Lo stratagemma di inventare l’epidemia di un virus mortale tenne alla larga nazisti e loro complici dall’ospedale romano Fatebenefratelli nel 1943 e nel 1944. Lì trovarono rifugio ebrei e oppositori del regime fascista. Una storia vera, arricchita da ricerche e testimonianze, a cui ha attinto Jesùs Sànchez Adalid, scrittore e sacerdote spagnolo, per il suo romanzo “Una luce nella notte di Roma”
Più che scrivere del reverendo Richard Coles, religioso britannico di cui sono stati pubblicati due gialli non memorabili per Einaudi, è di un altro sacerdote scrittore salito di recente alla ribalta in Italia che vogliamo far emergere – dalle nebbie della tante, troppe pubblicazioni – il bellissimo romanzo, figlio di ricerche storiche, testimonianze e schegge di immaginazione. Il riferimento è a Una luce nella notte di Roma (608 pagine, 19,50 euro), edito da Harper Collins, e scritto dallo spagnolo Jesùs Sànchez Adalid (tradotto da Sara Caravero). Di preti letterati e protagonisti nelle librerie, non ne ricordiamo tantissimi (Don Milani, starà dicendo qualcuno, agitando un ditino che accusa e rimprovera), ce ne saranno, ma magari non ne abbiamo letti abbastanza. Sul nostro sito, nel nostro piccolo, ci godiamo le incursioni coltissime di Nuccio Puglisi (autore di Centootto volte più grande del sole, qui più di un link utile). Ma se proprio dobbiamo fare il nome di un grandissimo sacerdote scrittore non possiamo non citare Luisito Bianchi e il suo indimenticabile La messa dell’uomo disarmato, pubblicato da Sironi, quando il deus ex machina era Giulio Mozzi. Parentesi a parte, Una luce nella notte di Roma è un romanzo capace di catturare lettori forti e riconciliare con la lettura chi l’ha mollata travolto dall’insolito destino di vivere.

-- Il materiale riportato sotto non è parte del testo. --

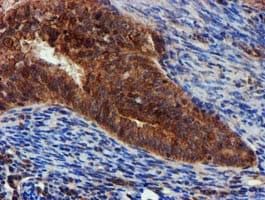 EPN2 Antibody (clone OTI1B4, Carrier-free)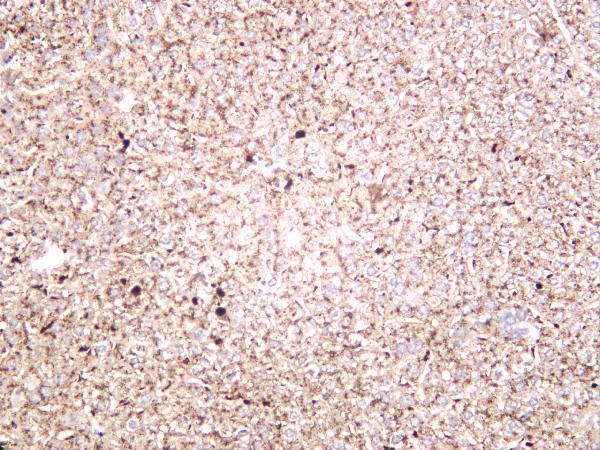 Mouse liver was stained with anti-Cathepsin D rabbit antibody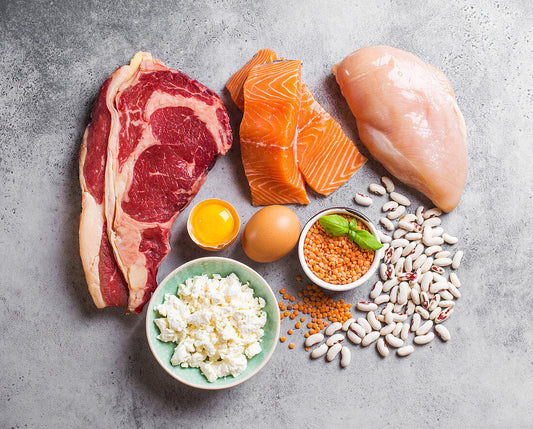 The Role of Protein in Dog Diets: Sources, Quality, and Requirements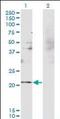RNA Binding Motif Protein 8A antibody, orb95000, Biorbyt, Western Blot image 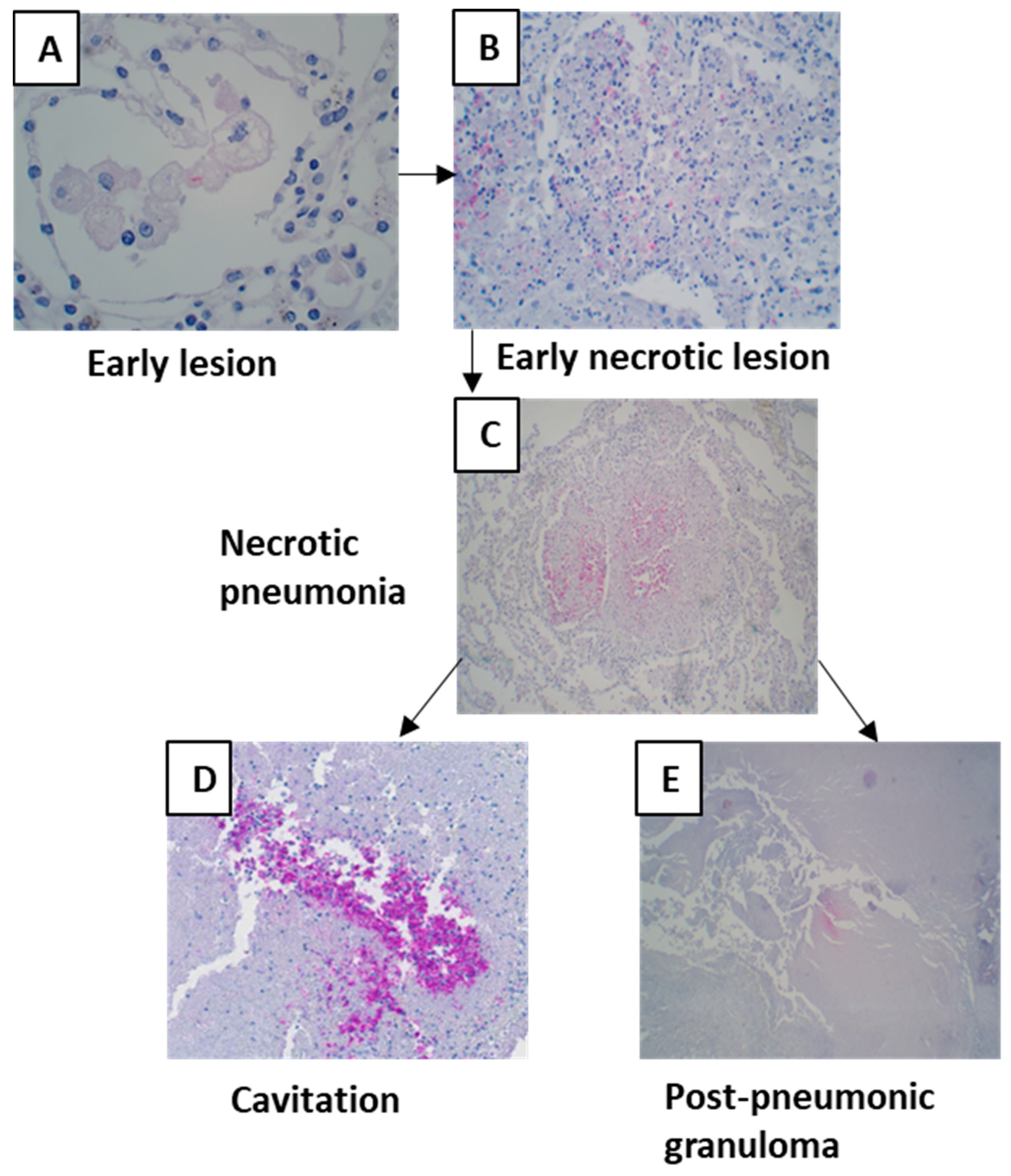 Pathogens 12 01426 g007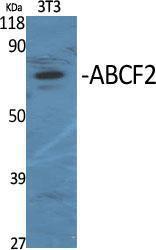 Western blot analysis of various cells using Anti-ABCF2 Antibody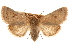  ( - CCDB-22948-D09)  @15 [ ] CreativeCommons - Attribution (2014) CBG Photography Group Centre for Biodiversity Genomics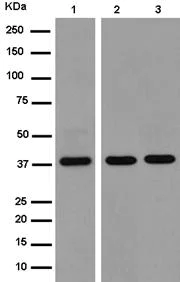 Western blot - Anti-TMEM30B antibody [EPR14409] (AB185944)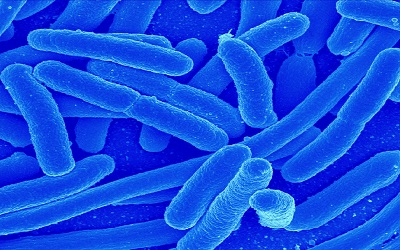 Modulation of Mucosal Antiviral Immune Response at the Female Genital Tract by Immunobiotic Lactic Acid Bacteria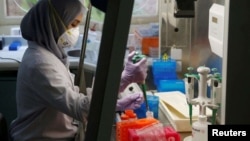 Seorang petugas laboratorium sedang menyiapkan medium untuk menumbuhkan virus di laboratorium Lembaga Biologi Molekuler Eijkman di Jakarta, 31 Agustus 2016. (Foto: Reuters). 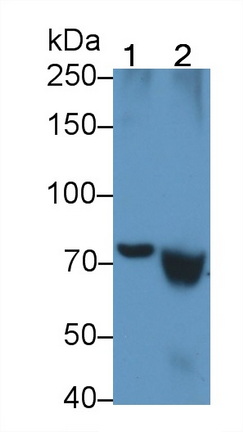 Transglutaminase 2 (TGM2) Mouse Monoclonal Antibody
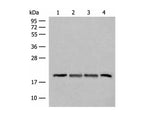 SEC11A Polyclonal Antibody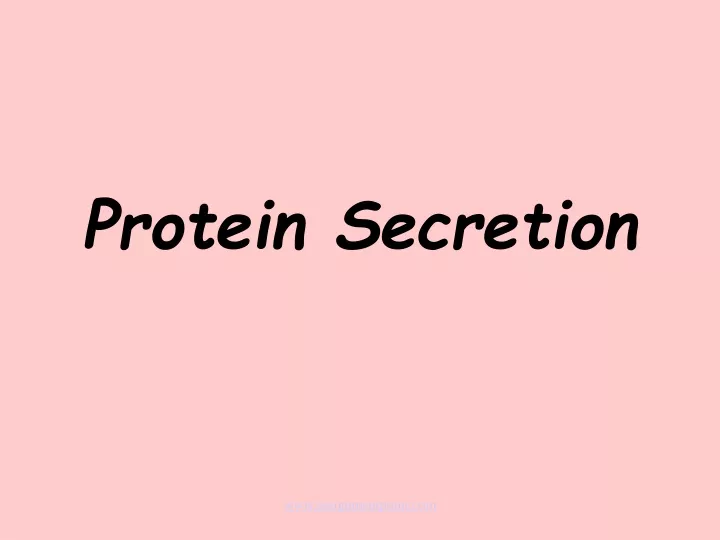 protein secretion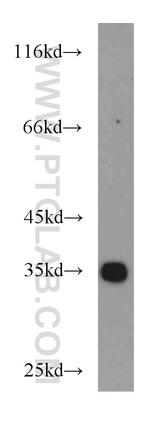 PPP1CC Antibody in Western Blot (WB)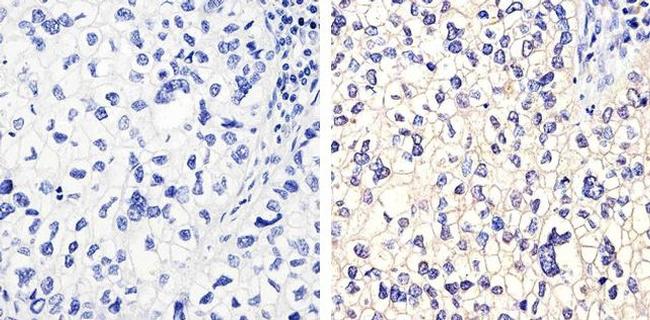 Connexin 40 Antibody in Immunohistochemistry (Paraffin) (IHC (P))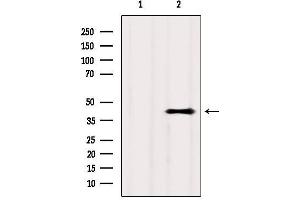 Image no. 2 for anti-G Protein-Coupled Receptor 81 (GPR81) (C-Term) antibody (ABIN6258088)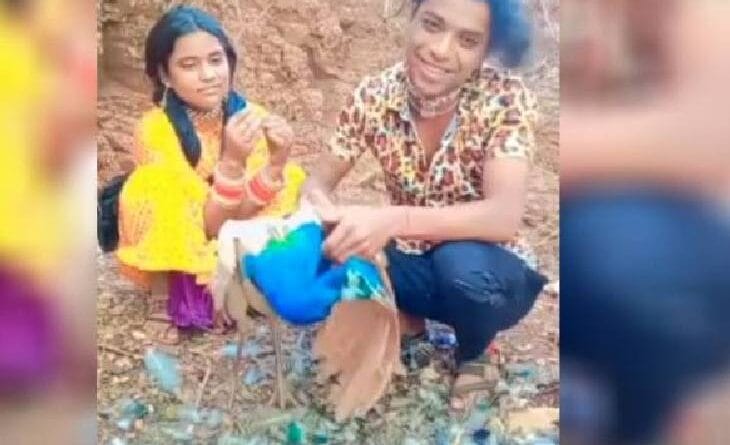 Reel made of national bird peacock's feathers, video viral; Forest department filed a case, viral vedio, DFO Katni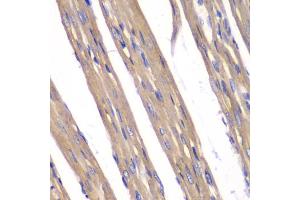 Immunohistochemistry of paraffin-embedded rat heart using FXN antibody.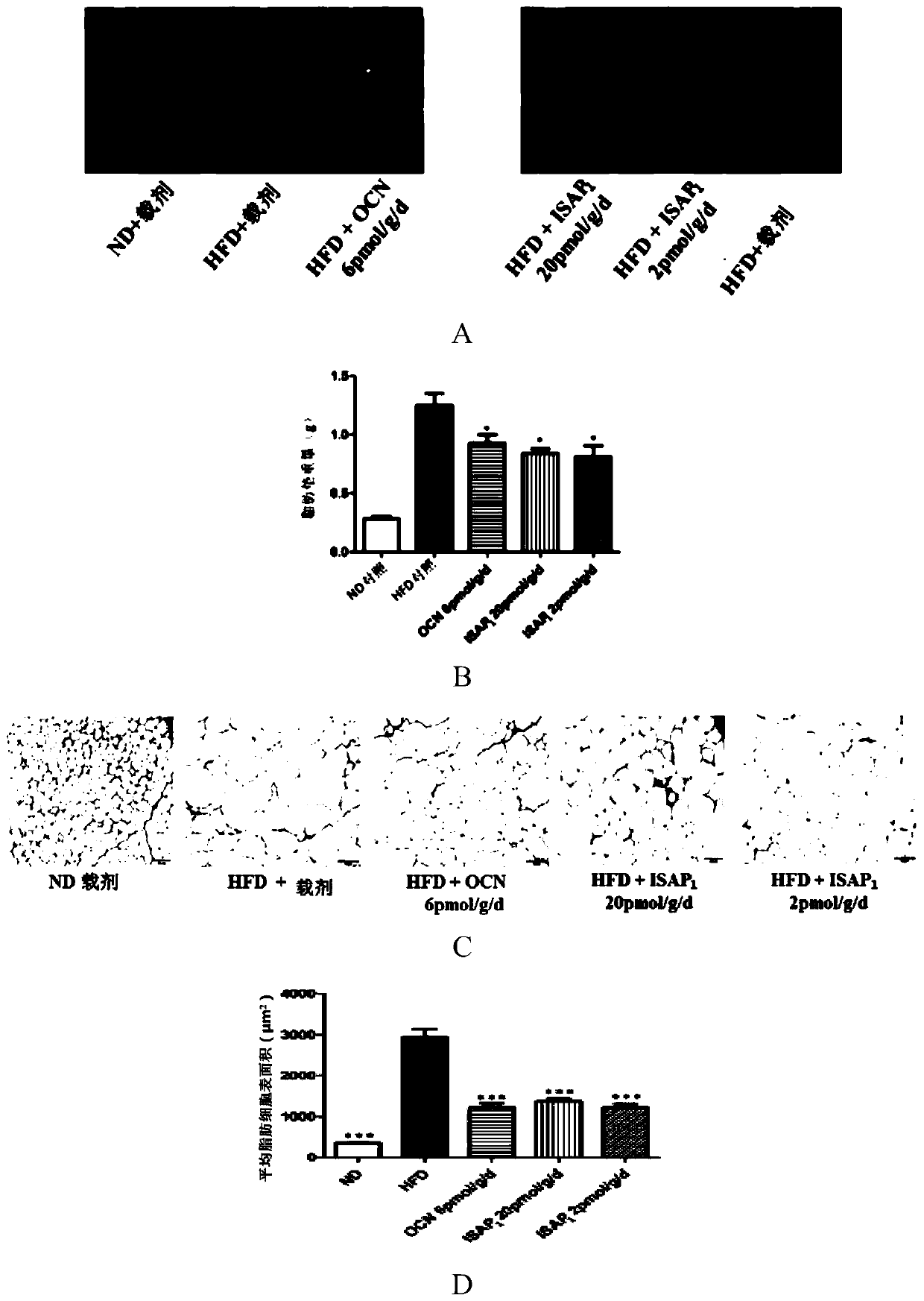 Polypeptides regulating energy metabolism and uses thereof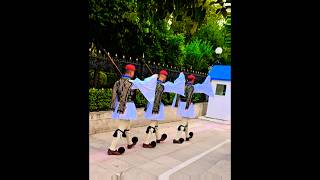 The Evzones  the elite Greek Presidential Guard  Hellassatisfying viral greek travel [upl. by Cayser989]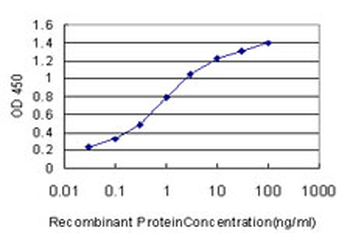 HSPA1B monoclonal antibody (M02), clone 3B7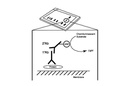 Rb Antibody Sampler Kit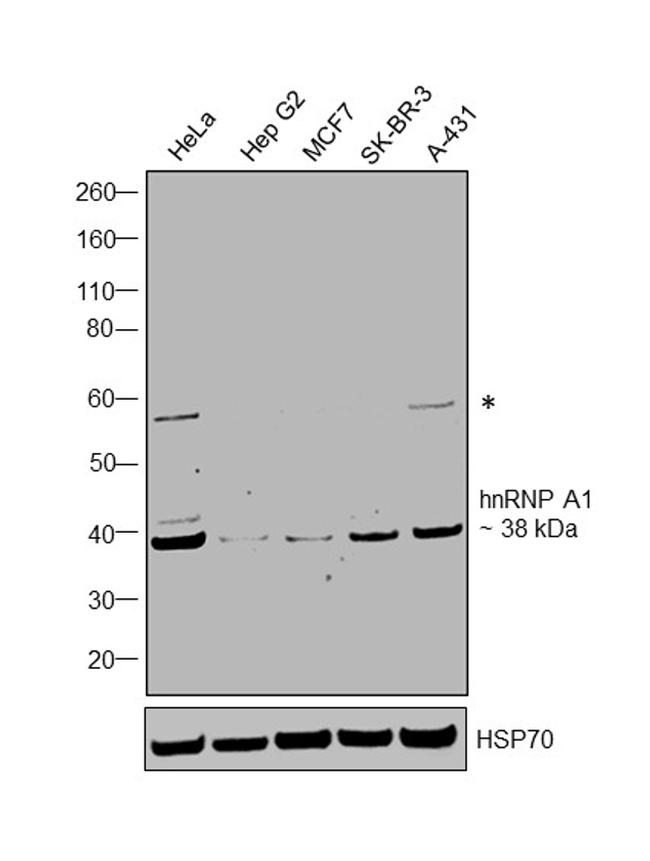 hnRNP A1 Antibody in Western Blot (WB)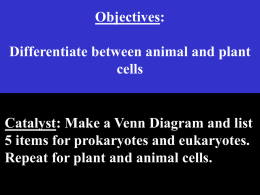 Cells - VA Biology SOL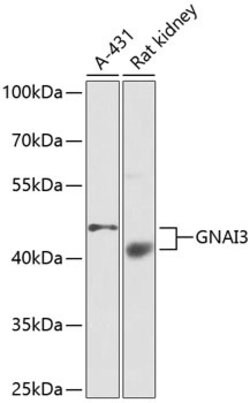 GNAI3 Polyclonal Antibody, Invitrogen 100 &mu;L; Unconjugated:Antibodies,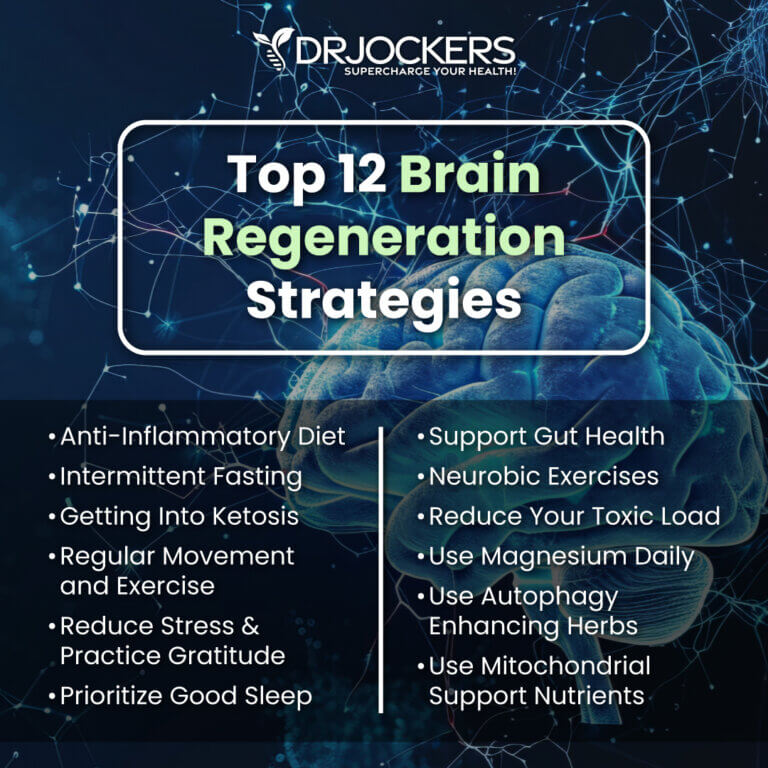 Brain Regeneration: 12 Ways to Heal Brain Cells - DrJockers.com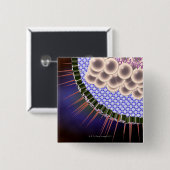 Herpes Virus Button (Vorne & Hinten)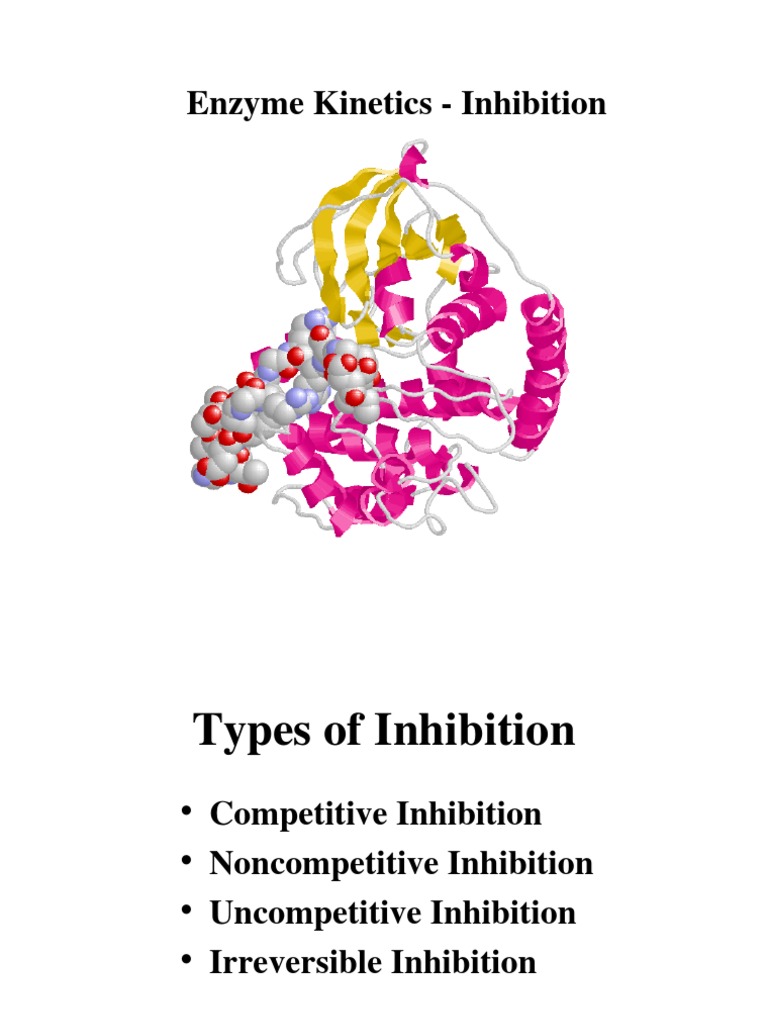 Enzyme Inhibition Types Explained | PDF | Enzyme Inhibitor | Enzyme ...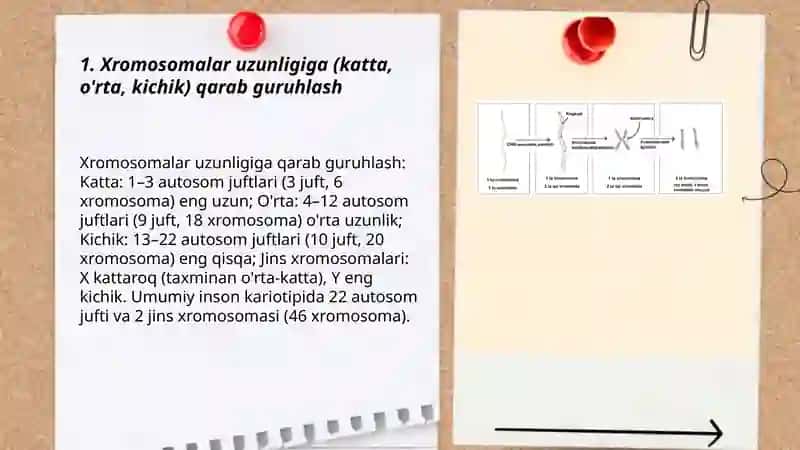 Odam kariotipidagi xromasomalar va genom strukturasiga qarab ularni guruhlarga ajratish 3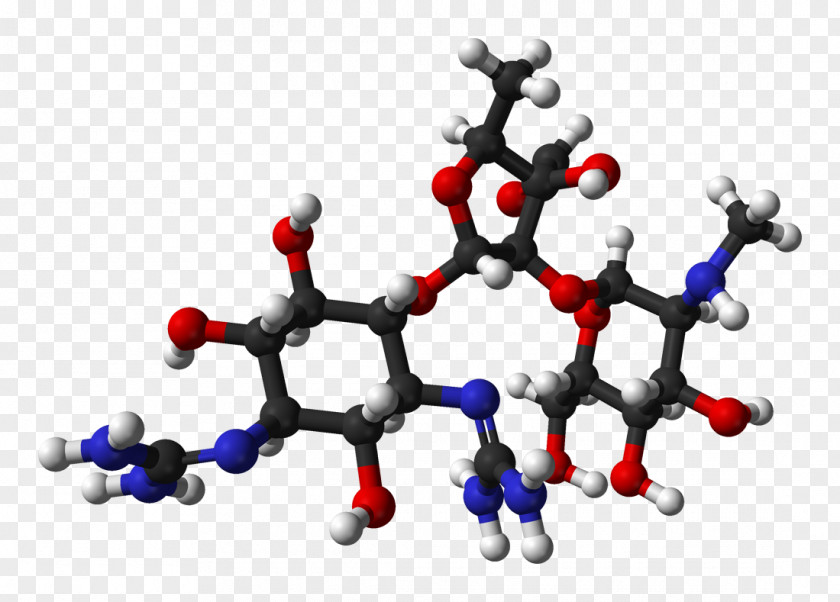 Streptomycin Aminoglycoside Antibiotics Tuberculosis Bacteria PNG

Due sorelle (e una madre fascista)
Il libro si ispira a fatti realmente accaduti, anche se le generalità dei protagonisti e di loro discendenti sono state… camuffate. L’autore ne è venuto a conoscenza dialogando con un frate che opera all’ospedale Fatebenefratelli di Roma. Ta il 1943 e il 1944, durante l’occupazione nazista della capitale, nazisti e medici furono ingannati da medici, dipendenti e religiosi dell’ospedale romano Fatebenefratelli: si lasciò credere che era in corsa l’epidemia di un virus mortale, il morbo di K., notizia che tenne alla larga dal nosocomio dell’isola Tiberina i tedeschi e i loro alleati in terra italiana. Lì trovarono rifugio oppositori del regime, partigiani ed ebrei che furono salvati da morte certa. Nel romanzo una protagonista di questo inganno è l’infermiera Orlena Duareli, figlia di Gianna, convinta fascista. La sorella Gina, innamorata dell’ebreo e rivoluzionario Betto (pronto a tutto, pur di sconfiggere i nemici, anche a costo di perdere gli amori della sua vita), fu invece impegnata in prima persona nella Resistenza.
Una storia sepolta dalla Storia
Jesùs Sànchez Adalid ricostruisce accuratamente l’epoca che racconta, evocandone atmosfere, creando personaggi credibili, dando voce a una storia sepolta dalla Storia («Se non avessi accolto e adempiuto a quella misteriosa richiesta, molti degli eventi che ho narrato forse sarebbero stati per sempre dimenticati»), e a una delle città per antonomasia, ritratta in quell’epoca senza stereotipi o sentimentalismi. Gli avvenimenti di quel tempo sono terribili, le ostilità infuriano ancora, mentre gli alleati stanno conquistando la penisola a partire dal sud. Nella capitale c’è chi si oppone a rastrellamenti e carneficine annunciate, aguzzando l’ingegno, con uno stratagemma che scompagina i piani dei volenterosi carnefici. Sanitari e medici, ad esempio, riuscirono a salvare una cinquantina di ebrei, condotti su ambulanze in ospedale dal vicino ghetto. Solo una delle decisioni rischiose e audaci che si presero in quell’ospedale. Una luce nell’oscurità, appunto, il coraggio in mezzo a tanto dolore.